Ketika ilmu berkembang
dan muncul model persekolahan, apakah tujuan pendidikan berubah? Memang yang dipelajari di sekolah tidak hanya
tata nilai dan kecakapan yang terkait untuk bekerja. Di sekolah juga dipelajari atau bahkan
sekarang lebih menekankan kepada ilmu pengetahuan, tetapi apakah tujuan
berubah? Saya jadi ingat suatu ungkapan “Non
Scholae Sed Vitae Discimus”. Saya
sudah lupa dimana pertama ungkapan itu saya baca. Namun saya pernah minta penjelasan kepada Pak
Siswanto, anggota Dewan Pendidikan Jawa Timur dan salah satu tokoh di SMA St
Louis Surabaya. Menurut beliau non
scholae sed vitae discimus artinya kita belajar bukan demi sekolah
(pengetahuan) semata, tetapi lebih-lebih demi kehidupan. Jadi, walapun pola pendidikan berevolusi
sampai saat ini berwujud sekolah, tujuannya tetap sama, yaitu untuk
mempersiapkan diri untuk kehidupan.
Pendidikan
sering dimaknai sebagai upaya membantu peserta didik untuk mengembangkan
potensinya demi menghadapi kehidupan di masa mendatang. Jadi apapun yang dipelajari sebenarnya semua
itu dimaksudkan untuk memberikan bekal agar anak didik dapat sukses dalam
kehidupannya setelah mereka dewasa. Nah, bukankah itu PKH?
Setahu
saya PKH itu terjemahan dari life skills.
Kata “skill” diterjemahkan menjadi “kecakapan” dan bukan keterampilan,
untuk menghindari salah pengertian keterampilan selalu bermakna hal-hal yang
manual. Ketika PKH dikembangkan di Indonesia, seingat saya tahun 2003. Depdikbud
saat itu juga menerbitkan buku berjudul Pendidikan Kecakapan Hidup.
Saat itu
dirumuskan bahwa PKH terdiri dari dua bagian, yaitu kecakapan hidup yang
bersifat generik/umum, yang diperlukan oleh siapa saja dan apapun
pekerjaannya. Bagian ini disekut
Kecakapan Generik (generic skills/soft skills).

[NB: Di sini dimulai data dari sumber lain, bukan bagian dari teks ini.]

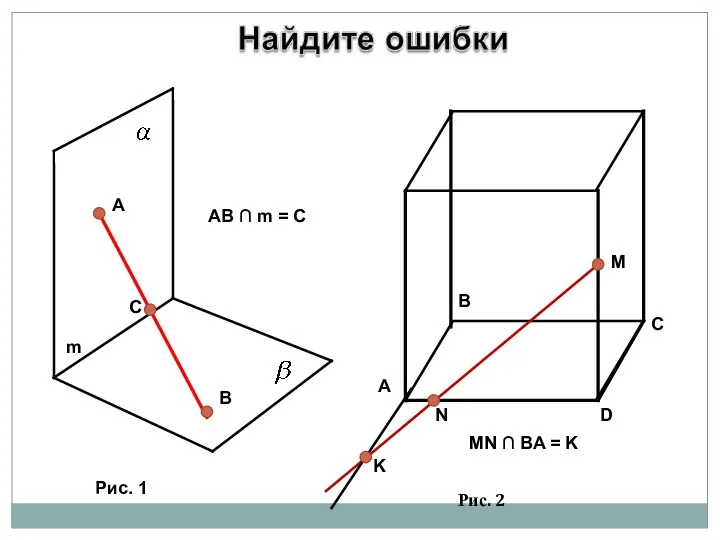 A B C m AB ∩ m = C Рис. 1 A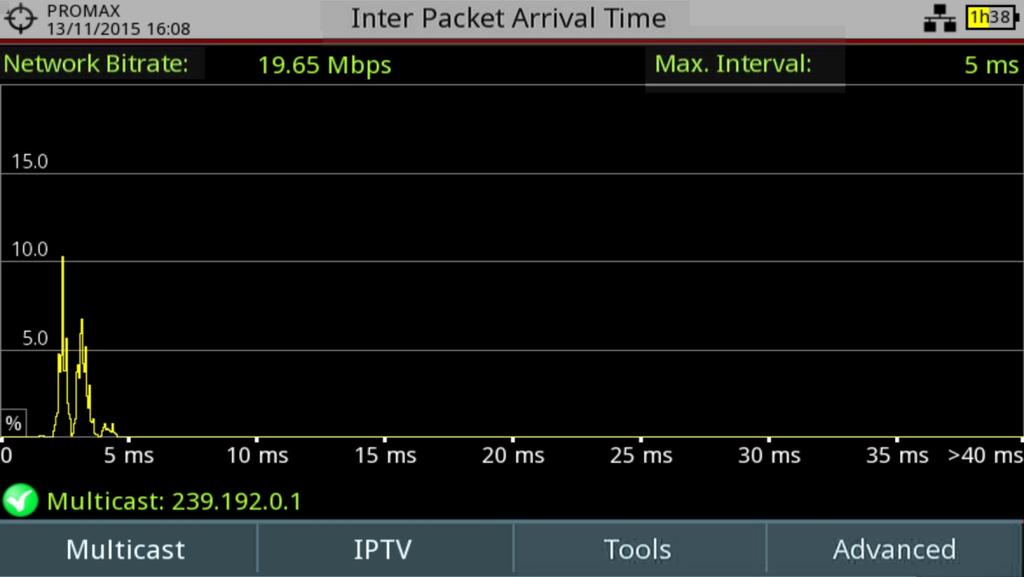 INTER PACKET ARRIVAL TIME MENUS Multicast Multicast Address UDP Port: Recent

Kecakapan Generik dibagi lagi menjadi dua, yaitu
Kecakapan
Personal (personal skills) dan Kecakapan Sosial (social skills).
Bagian kedua dari PKH disebut
Kecakapan Spesifik (specific skills atau hard skills), yaitu kecakapan yang
diperlukan oleh seseorang sesuai dengan pekerjaannya. Jadi kecakapan spesifik dokter tentu berbeda dengan
kecakapan spesifik seorang montir mobil.
Nah, Kecakapan Spesifik dibagi lagi menjadi dua bagian, yaitu kecakapan academik
(academic skills) dan kecakapan vokasional (vocational skills), yang lebih
bersifat keterampilan. Secara skemaik
dapat digambarkan sebagai berikut.
Kecakapan Personal
(PS) Kecakapan Hidup
Kecakapan Social Generik
|
Kecakapan Academik
(AS) Kecakapan
Hidup
Spesifik (SLS)
Kecakapan Vokational
(VS)
Mudah-mudahan, uraian pendek
ini dapat memberikan klarifikasi dari pasal 108 PP no. 17 Tahun 2010 dan juga
menjadi renungan kita bersama. Semoga.